Running Time: 102 minutes.
Tag-line: "The Time Has Come."
Notable Cast or Crew: Antonio Banderas, Salma Hayek, Willem Dafoe, Johnny Depp, Mickey Rourke, Eva Mendes, Danny Trejo, Cheech Marin, Rubén Blades, Enrique Iglesias, Marco Leonardi.
Best one-liner: "Ok. Smoke him... Smoke the fucker! Send him straight to fucking Broadway."
Rodriguez's continued retellings of his "Sergio Leone by-way-of Walter Hill and John Woo" EL MARIACHI legend are like a monstrous, runaway snowball. And as it rolls downhill, it increases in speed, size, ludicrousity, and finally, by ONCE UPON A TIME IN MEXICO, it's a completely deranged, rampaging behemoth full of eclectic actors, jaw-dropping setpieces, and a tangible joie de vivre that its contemporaries truly lack.
Here's 10 reasons why ONCE UPON A TIME IN MEXICO rises above the muck of your typical 00's action flick and is worthy of your time:
#1. Some movies will, at times, splash a little blood or water on the lens. I think it's meant to amplify the grittiness, but for me it intensifies the disconnect- 'I'm watching a movie.' Rodriguez goes a step further: during a desert dirt bike chase, some cacti get blasted and the lens is spattered with cactus juice, which I have no choice but to wholeheartedly support.
#2. Mickey Rourke (and his l'il doggie). Now this is 21st Century Rourke (fossilized skin, gravelly voice, and every third word is "goddamn") at his finest.
His purple suits are not costumes- they're from his personal wardrobe. He exudes actual pathos, and in the course of a few brief scenes builds a relationship with his little chihuahua buddy that's more genuine and touching than anything from a weepie picture.
#3. Depp and his kitschy accoutrements.
From a CLASH OF THE TITANS lunchbox to an 'I'm With Stupid' t-shirt to the fanny packs, the fake 'staches, and the shorts n' blazer combo, Depp's attire is a testament to the inspired lunacy of the man himself.
Only on set for a few days, Depp hand-picked his own wardrobe from the festering aisles of tacky, border-town thrift shops and proceeded to unleash a hurricane of loopy, Brando-style improvisation, supposedly inspired by an anonymous, eccentric Hollywood mover and shaker who Depp always imagined "wore really cheesy tourist shirts, had a sideline obsession with Broadway, and favored strange, obvious disguises."

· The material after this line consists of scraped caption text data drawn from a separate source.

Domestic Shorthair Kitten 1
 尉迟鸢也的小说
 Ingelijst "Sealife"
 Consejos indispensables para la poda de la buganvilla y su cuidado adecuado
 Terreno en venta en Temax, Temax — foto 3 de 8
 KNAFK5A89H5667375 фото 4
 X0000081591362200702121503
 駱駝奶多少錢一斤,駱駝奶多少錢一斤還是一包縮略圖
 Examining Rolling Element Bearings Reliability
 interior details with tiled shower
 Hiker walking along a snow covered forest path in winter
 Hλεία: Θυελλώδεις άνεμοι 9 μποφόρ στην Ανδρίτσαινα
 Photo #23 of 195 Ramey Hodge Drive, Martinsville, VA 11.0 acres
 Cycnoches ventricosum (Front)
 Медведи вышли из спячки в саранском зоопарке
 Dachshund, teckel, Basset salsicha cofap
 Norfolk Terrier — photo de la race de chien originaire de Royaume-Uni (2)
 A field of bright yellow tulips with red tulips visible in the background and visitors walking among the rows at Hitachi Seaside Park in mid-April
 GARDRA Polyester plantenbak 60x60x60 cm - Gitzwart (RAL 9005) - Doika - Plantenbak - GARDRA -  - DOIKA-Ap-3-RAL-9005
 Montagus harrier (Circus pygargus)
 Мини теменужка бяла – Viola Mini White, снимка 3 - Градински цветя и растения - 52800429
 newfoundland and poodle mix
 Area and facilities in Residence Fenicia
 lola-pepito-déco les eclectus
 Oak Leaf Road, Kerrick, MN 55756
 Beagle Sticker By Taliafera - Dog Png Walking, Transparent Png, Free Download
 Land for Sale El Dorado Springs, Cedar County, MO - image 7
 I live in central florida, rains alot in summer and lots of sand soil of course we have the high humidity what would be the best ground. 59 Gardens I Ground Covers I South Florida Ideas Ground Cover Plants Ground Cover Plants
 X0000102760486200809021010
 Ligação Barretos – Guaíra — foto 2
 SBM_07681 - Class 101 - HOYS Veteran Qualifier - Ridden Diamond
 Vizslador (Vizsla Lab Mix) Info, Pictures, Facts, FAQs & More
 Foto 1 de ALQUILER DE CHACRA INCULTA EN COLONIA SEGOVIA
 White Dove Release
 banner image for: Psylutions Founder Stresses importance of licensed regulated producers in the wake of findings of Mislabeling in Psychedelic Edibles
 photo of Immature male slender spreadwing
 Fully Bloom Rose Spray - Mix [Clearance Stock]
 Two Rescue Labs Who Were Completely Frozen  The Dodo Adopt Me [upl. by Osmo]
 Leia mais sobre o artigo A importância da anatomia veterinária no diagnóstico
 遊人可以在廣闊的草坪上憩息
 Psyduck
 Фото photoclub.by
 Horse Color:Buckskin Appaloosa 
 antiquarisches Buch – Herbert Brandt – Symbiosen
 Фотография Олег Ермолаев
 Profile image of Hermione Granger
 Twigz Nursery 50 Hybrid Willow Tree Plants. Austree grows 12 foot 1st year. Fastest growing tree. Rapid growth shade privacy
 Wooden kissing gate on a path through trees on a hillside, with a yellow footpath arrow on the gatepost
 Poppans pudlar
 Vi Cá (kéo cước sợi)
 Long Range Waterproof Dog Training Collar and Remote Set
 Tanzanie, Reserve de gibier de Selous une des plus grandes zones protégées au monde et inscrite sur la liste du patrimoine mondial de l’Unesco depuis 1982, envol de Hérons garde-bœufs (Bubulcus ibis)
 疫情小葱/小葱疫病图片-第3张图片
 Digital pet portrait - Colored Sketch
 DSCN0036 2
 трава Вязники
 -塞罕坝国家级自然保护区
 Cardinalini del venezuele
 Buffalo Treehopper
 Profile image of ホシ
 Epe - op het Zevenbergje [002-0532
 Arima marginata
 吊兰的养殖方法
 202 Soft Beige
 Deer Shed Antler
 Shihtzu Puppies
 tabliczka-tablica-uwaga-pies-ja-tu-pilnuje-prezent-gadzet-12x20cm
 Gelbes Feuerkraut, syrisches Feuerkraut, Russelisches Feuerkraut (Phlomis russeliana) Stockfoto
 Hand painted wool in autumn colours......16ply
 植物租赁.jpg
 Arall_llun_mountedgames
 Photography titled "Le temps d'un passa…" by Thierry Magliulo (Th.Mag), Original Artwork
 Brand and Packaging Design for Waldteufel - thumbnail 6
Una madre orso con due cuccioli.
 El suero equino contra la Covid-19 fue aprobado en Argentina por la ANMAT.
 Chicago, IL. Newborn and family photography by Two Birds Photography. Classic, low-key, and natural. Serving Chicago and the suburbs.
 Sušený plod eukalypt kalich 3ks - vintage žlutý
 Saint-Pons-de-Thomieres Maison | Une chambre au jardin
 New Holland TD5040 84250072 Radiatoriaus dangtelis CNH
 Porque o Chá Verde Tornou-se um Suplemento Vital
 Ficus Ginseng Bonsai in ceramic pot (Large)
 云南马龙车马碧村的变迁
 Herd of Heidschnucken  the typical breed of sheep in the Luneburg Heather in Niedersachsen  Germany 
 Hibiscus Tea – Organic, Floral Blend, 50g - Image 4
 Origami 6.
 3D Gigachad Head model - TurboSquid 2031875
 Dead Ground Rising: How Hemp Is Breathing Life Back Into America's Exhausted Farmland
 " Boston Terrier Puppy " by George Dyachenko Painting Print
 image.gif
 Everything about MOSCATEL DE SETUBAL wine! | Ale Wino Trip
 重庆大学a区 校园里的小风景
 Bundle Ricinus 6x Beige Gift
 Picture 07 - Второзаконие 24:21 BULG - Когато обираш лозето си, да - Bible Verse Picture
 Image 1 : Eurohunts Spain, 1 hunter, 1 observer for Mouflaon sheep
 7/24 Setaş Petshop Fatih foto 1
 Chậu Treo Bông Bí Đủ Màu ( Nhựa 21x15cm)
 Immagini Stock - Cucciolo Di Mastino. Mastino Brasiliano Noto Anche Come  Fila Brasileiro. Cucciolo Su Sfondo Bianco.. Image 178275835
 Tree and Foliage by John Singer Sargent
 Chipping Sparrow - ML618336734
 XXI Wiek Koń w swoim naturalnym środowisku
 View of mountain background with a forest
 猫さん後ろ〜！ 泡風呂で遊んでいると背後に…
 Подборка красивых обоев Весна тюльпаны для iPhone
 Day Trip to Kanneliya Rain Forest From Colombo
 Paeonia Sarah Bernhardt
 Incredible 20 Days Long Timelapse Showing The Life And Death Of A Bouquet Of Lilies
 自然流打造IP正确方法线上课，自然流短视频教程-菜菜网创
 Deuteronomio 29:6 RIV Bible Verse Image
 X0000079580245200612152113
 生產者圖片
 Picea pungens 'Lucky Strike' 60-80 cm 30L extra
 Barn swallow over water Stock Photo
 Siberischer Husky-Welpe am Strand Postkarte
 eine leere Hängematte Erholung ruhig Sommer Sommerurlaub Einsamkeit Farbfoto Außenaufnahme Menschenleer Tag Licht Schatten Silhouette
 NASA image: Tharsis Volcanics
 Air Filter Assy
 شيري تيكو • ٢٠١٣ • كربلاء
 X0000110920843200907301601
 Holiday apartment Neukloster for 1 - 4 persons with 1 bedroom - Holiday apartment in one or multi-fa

The end result is nothing short of astonishing, and 'Agent Sands' surely belongs on the short list of great characters in contemporary action cinema.
#4. Banderas' brutal double low-blow, worthy of Leo Fong. You'll know it when you see it.
Banderas' look says it all: he takes brutal ball-squeezing very seriously.
I'm sad to say, however, that the duration still compares unfavorably to THE EVIL THAT MEN DO.
#5. Willem Dafoe.
Scary with a mustache. Scary in silk shirts. Scary behind bandages. So scary, even Danny Trejo has got the heebie-jeebies, which is really saying something. Hell, he's even freaking out his döppelganger.
It's nearly a throwaway role- one in a parade of villainous entities- but we all know that Dafoe doesn't require a majority of screen-time to be terrifying as all get out.
WILLEM DAFOE WILL STARE INTO YOUR SOUL
#6. This camera angle.
Sometime between the ribaldry of classic 70's action cinema (BRING ME THE HEAD OF ALFREDO GARCIA, ROLLING THUNDER, et al.) and the present day, Hollywood moved from "gritty South American hooker in a smoke den with peeling paint" sleaze to "corporate, collagen, plasticine, air-brushed to oblivion" sleaze. And, frankly, I find the latter kind of disturbing. Regardless, while Eva Mendes certainly wouldn't belong in a Peckinpah flick, this camera-angle, and what it represents- an unrepentant, 'let's-call-a-spade-a-spade' style of bawdiness– is refreshing.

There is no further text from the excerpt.